Hi. I am sure the title of this post is horrible, but I didn’t find anything better. The idea is simple: in this part of the journey, we will talk about bytecodes, primitives, CompiledMethods, FFI, plugins, etc… But before going there, I would like to write some bits about what happens first in the image side. These may be topics everybody know, so in that case, just skip the post and wait for the next one 😉 My intention is that anyway can follow my posts.
A really quick intro to Smalltalk reflective model
The reflective model of Smalltalk is easy and elegant. As we can read in Pharo by Example, there are two important rules: 1) Everything is an object; 2) Every object is instance of a class. Since classes are objects and every object is an instance of a class, it follows that classes must also be instances of classes.
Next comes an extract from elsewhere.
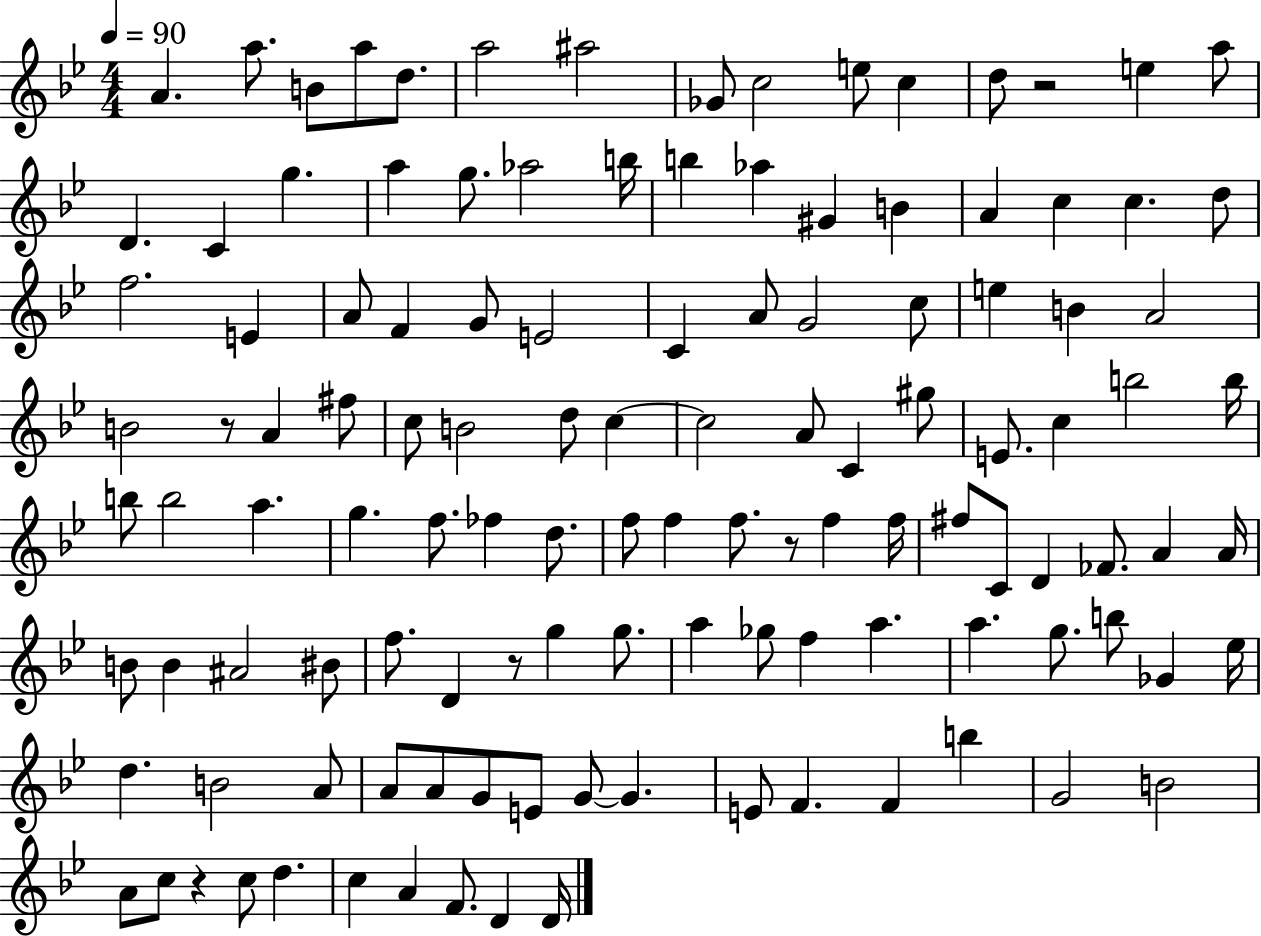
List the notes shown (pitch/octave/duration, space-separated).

A class whose instances are classes is called a metaclass. Whenever you create a class, the system automatically creates a metaclass. The metaclass defines the structure and behavior of the class that is its instance. The following picture shows a minimized reflective model of Smalltalk. Notice that for clarification purposes this diagram shows only a part of it.
A class contains a name, a format, a method dictionary, its superclass, a list of instance variables, etc. The method dictionary is a map where keys are the methods names (called selectors in Smalltalk) and the values are the compiled methods which are instances of CompiledMethod.
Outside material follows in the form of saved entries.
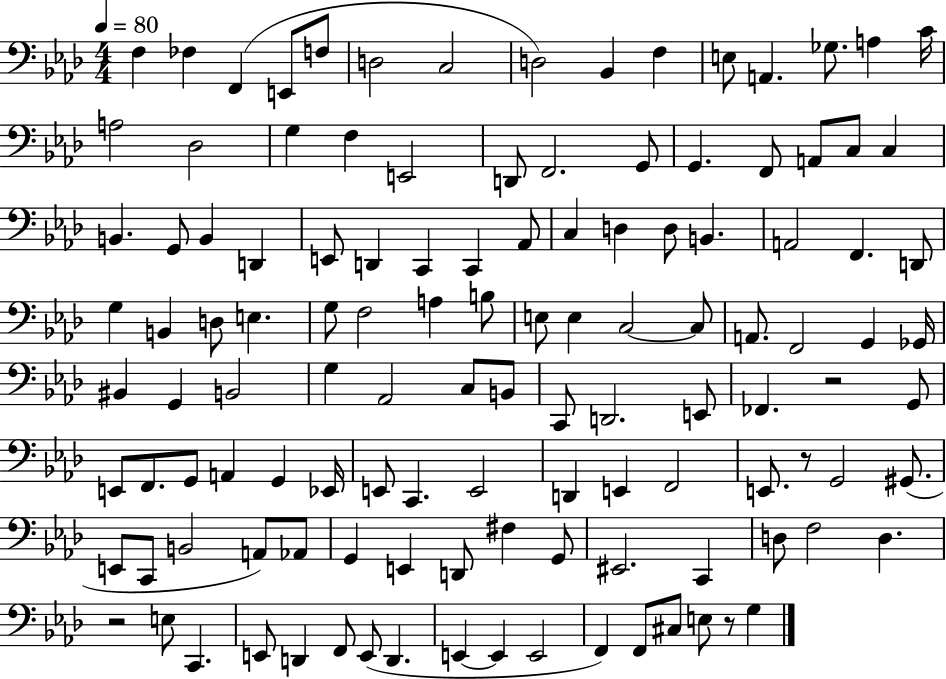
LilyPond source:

{
  \clef bass
  \numericTimeSignature
  \time 4/4
  \key aes \major
  \tempo 4 = 80
  \repeat volta 2 { f4 fes4 f,4( e,8 f8 | d2 c2 | d2) bes,4 f4 | e8 a,4. ges8. a4 c'16 | \break a2 des2 | g4 f4 e,2 | d,8 f,2. g,8 | g,4. f,8 a,8 c8 c4 | \break b,4. g,8 b,4 d,4 | e,8 d,4 c,4 c,4 aes,8 | c4 d4 d8 b,4. | a,2 f,4. d,8 | \break g4 b,4 d8 e4. | g8 f2 a4 b8 | e8 e4 c2~~ c8 | a,8. f,2 g,4 ges,16 | \break bis,4 g,4 b,2 | g4 aes,2 c8 b,8 | c,8 d,2. e,8 | fes,4. r2 g,8 | \break e,8 f,8. g,8 a,4 g,4 ees,16 | e,8 c,4. e,2 | d,4 e,4 f,2 | e,8. r8 g,2 gis,8.( | \break e,8 c,8 b,2 a,8) aes,8 | g,4 e,4 d,8 fis4 g,8 | eis,2. c,4 | d8 f2 d4. | \break r2 e8 c,4. | e,8 d,4 f,8 e,8( d,4. | e,4~~ e,4 e,2 | f,4) f,8 cis8 e8 r8 g4 | \break } \bar "|."
}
When an object receives a message, the Virtual Machine has to do first what it is commonly called as the Method Lookup. This consist of searching the message through the hierarchy chain of the receiver’s class. For each class in the chain, it checks whether the selector is included or not in the MethodDictionary. If it is not, it continues searching forward in the chain until it finds a method or sends the #doesNotUnderstand: message in case it was not found in the whole hierarchy. When a method is found, it is directly executed.
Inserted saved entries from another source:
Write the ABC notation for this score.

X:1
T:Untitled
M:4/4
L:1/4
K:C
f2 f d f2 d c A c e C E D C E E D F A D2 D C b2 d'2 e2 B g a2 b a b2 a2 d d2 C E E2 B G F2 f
To understand these topics, I really recommend the two wonderful chapters in Pharo By Example book: Chapter 13 “Classes and Metaclasses” and Chapter 14 “Reflection”. They are both a “must read” if you are more or less new with these topics.
In the internal representation of the Virtual Machine, objects are a chuck of memory. They have an object header which (there will be a whole post about it) can be between one and three words, and following the object header, there are slots (normally of 32 or 64 bytes) that are memory addresses which usually (we will see why I didn’t say always) represent the instance variables. The object header contains bits for the Garbage Collector usage, the hash, the format, a pointer to its class, etc.
Classes and Metaclasses
How do you create a class in Smalltalk? In other languages, you normally create a new text file that after you compile. But in Smalltalk, as we are used to, everything happens by a message send. So, to create a new class you tell to the superclass, “Can you create this subclass with this name, these instance variables and this category please?”. So, when you take a browser and you do a “Ctrl + s” of this code:
Object subclass: #MyClass instanceVariableNames: '' classVariableNames: '' poolDictionaries: '' category: 'MyCategory'
The only thing you do, is to send the message #subclass:instanceVariableNames:classVariableNames:poolDictionaries:category: to Object. If fact, you can take that piece of code, evaluate it in a Workspace, and you will get the same results 🙂
You can see implementors and you will logically find one in Class. Which should be the result of such message sent? two things: a new class and a new metaclass. Do the following test:
Metaclass instanceCount -> 3710 Class allSubclasses size -> 3710
Now, create a new class, and inspect again:
Metaclass instanceCount -> 3711 Class allSubclasses size -> 3711
The problem with Metaclasses is that they are implicit, so they are very difficult to understand. Imagine that you create a class User, then its class is “User class”. The unique instance of “User class” is “User”. And at the same time, “User class” is an instance of Metaclass. So….complicated, but if you want to understand them, take a look to the chapters I told you. How it is done? it is not really important for the purpose of this post, but it uses the ClassBuilder and also the Compiler (check senders of #compilerClass).
Creating a method
We saw what happens when we create a class. And when you save a method from the browser? what happens ? In a nutshell what happens is that the Smalltalk Compiler does its magic, that is, it receives as an input a string that represents the source code, and as a result you get a CompiledMethod instance. A CompiledMethod contains all the instructions (bytecodes) and information (literals) that the VM needs to interpret and execute such method.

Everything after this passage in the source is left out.